[WORK INSTRUCTION]
Omit pictures and quote the listing below line by line, from its start through the line that holds "Project Image of".

[PROVIDED INFORMATION]
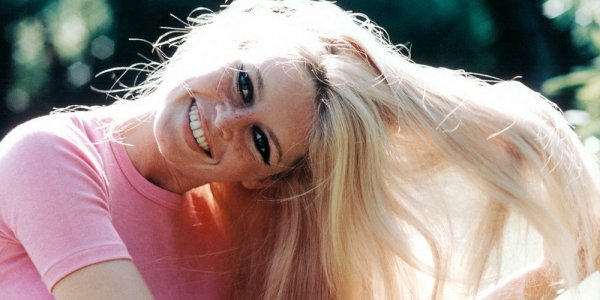 Biopic sur Brigitte Bardot : voici le visage de l'actrice qui l'incarnera à la télé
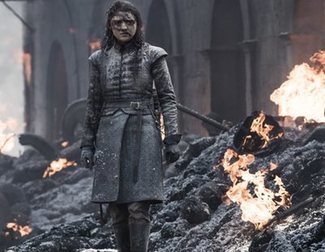 'Game of Thrones': The Plots Left Open or Unresolved After the Finale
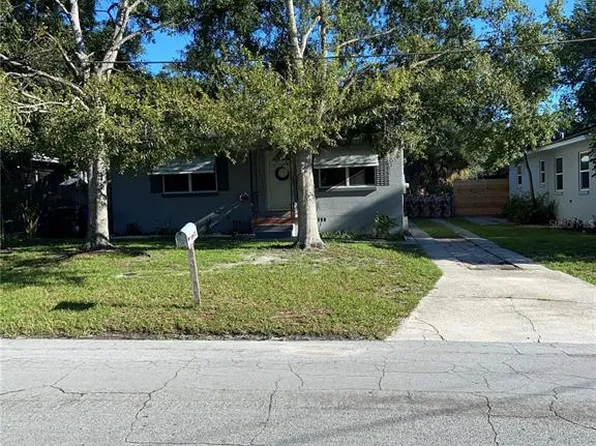 608 CHANNING ROAD, LAKELAND, FL 33805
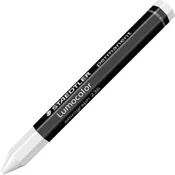 Kreda za les-kovino staed. 236 1/12 STAEDTLER - BELA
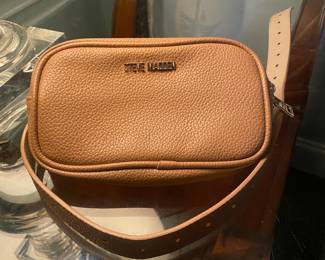 Steve Madden Fanny pack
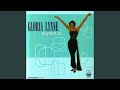 I Should Care - Gloria Lynne - Topic I Should Care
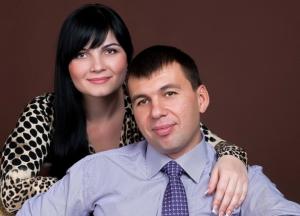 История любви по-лугански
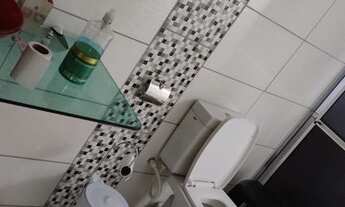 Imagem 3: Vendo Casa com 3 dormitórios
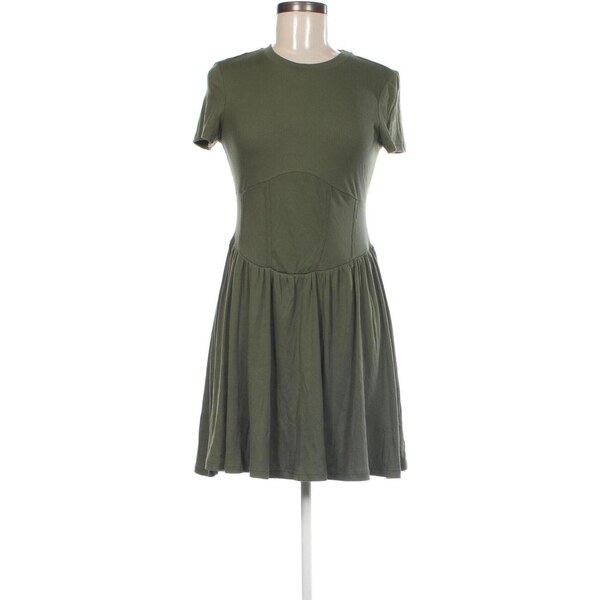 Šaty Cider 64401197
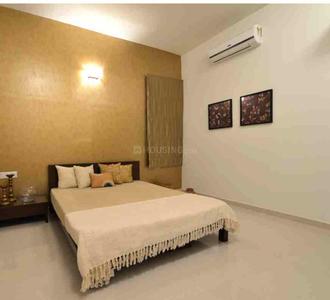 Project Image of 1243.23 - 1275.52 Sq.ft 3 BHK Apartment for buy in Kumar Princetown Royal B3 and B6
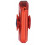 OXC Rear Lighting Acc Lum Ultratorch R-50 led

[EXERCISE SOLUTION]
 Biopic sur Brigitte Bardot : voici le visage de l'actrice qui l'incarnera à la télé
 'Game of Thrones': The Plots Left Open or Unresolved After the Finale
 608 CHANNING ROAD, LAKELAND, FL 33805
 Kreda za les-kovino staed. 236 1/12 STAEDTLER - BELA
 Steve Madden Fanny pack
 I Should Care - Gloria Lynne - Topic I Should Care
 История любви по-лугански
 Imagem 3: Vendo Casa com 3 dormitórios
 Šaty Cider 64401197
 Project Image of 1243.23 - 1275.52 Sq.ft 3 BHK Apartment for buy in Kumar Princetown Royal B3 and B6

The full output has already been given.